Given information =>
================
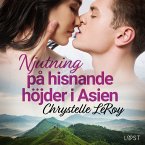 Njutning på hisnande höjder i Asien - erotisk novell (MP3-Download)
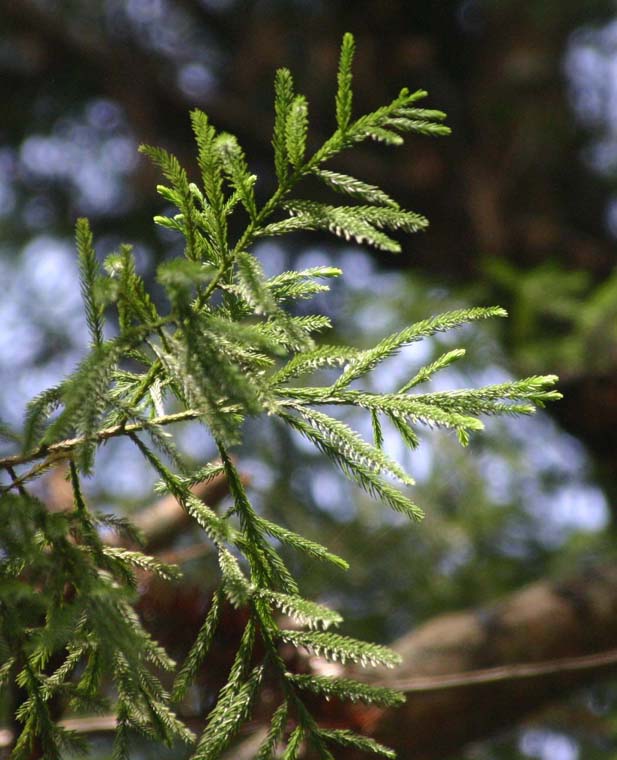 �_�N���h�X�M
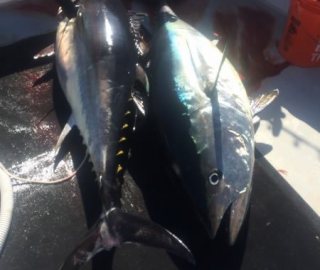 bluefin-sportfishing-hyannis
================
What is required => In the answer, all of the material should appear exactly as given, with no picture carried over.

Solution to the problem =>
 Njutning på hisnande höjder i Asien - erotisk novell (MP3-Download)
 �_�N���h�X�M
 bluefin-sportfishing-hyannis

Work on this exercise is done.